:: What you have to do ::
Please restate the data that follows word for word, with the pictures left out.

:: Given material ::

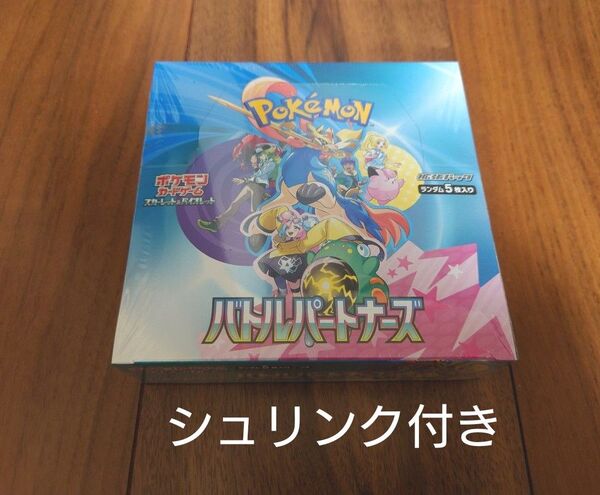 ポケモンカードゲーム バトルパートナーズ シュリンク付 BOX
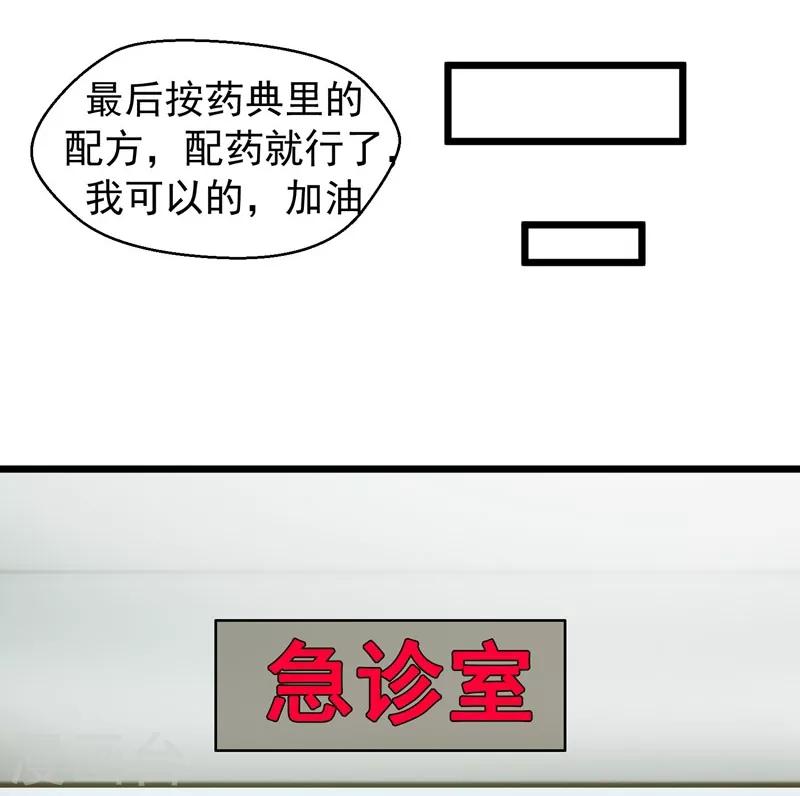 第7话 治不好，我以命抵命！-第8话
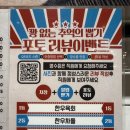 상갈공영주차장 | 용인 기흥구 맛집 고철상 상갈직영점 회식장소 고깃집 추천!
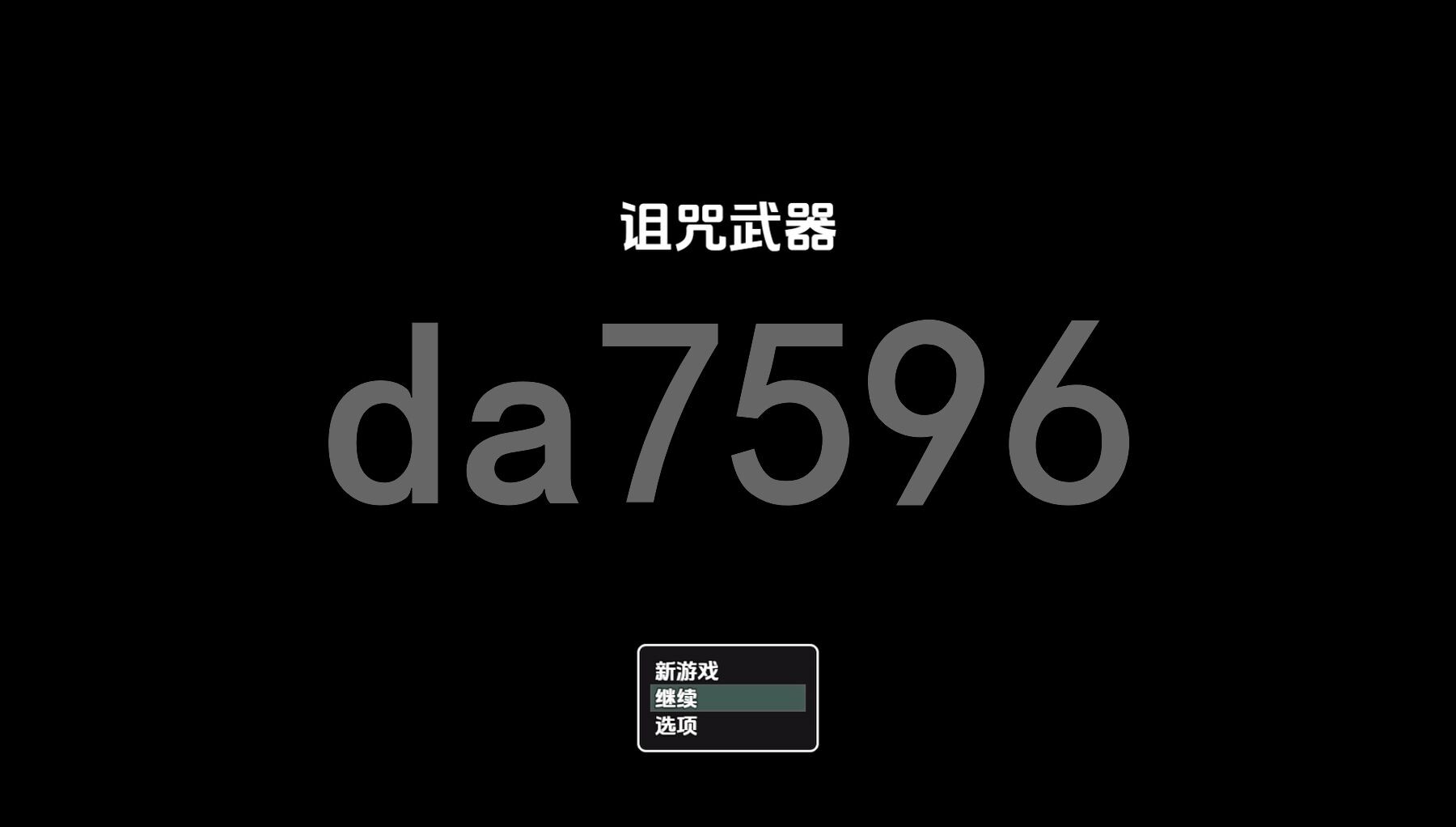 詛咒武器 v0.62 双端 AI汉化版高清版 预览图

:: Your response ::
 ポケモンカードゲーム バトルパートナーズ シュリンク付 BOX
 第7话 治不好，我以命抵命！-第8话
 상갈공영주차장 | 용인 기흥구 맛집 고철상 상갈직영점 회식장소 고깃집 추천!
 詛咒武器 v0.62 双端 AI汉化版高清版 预览图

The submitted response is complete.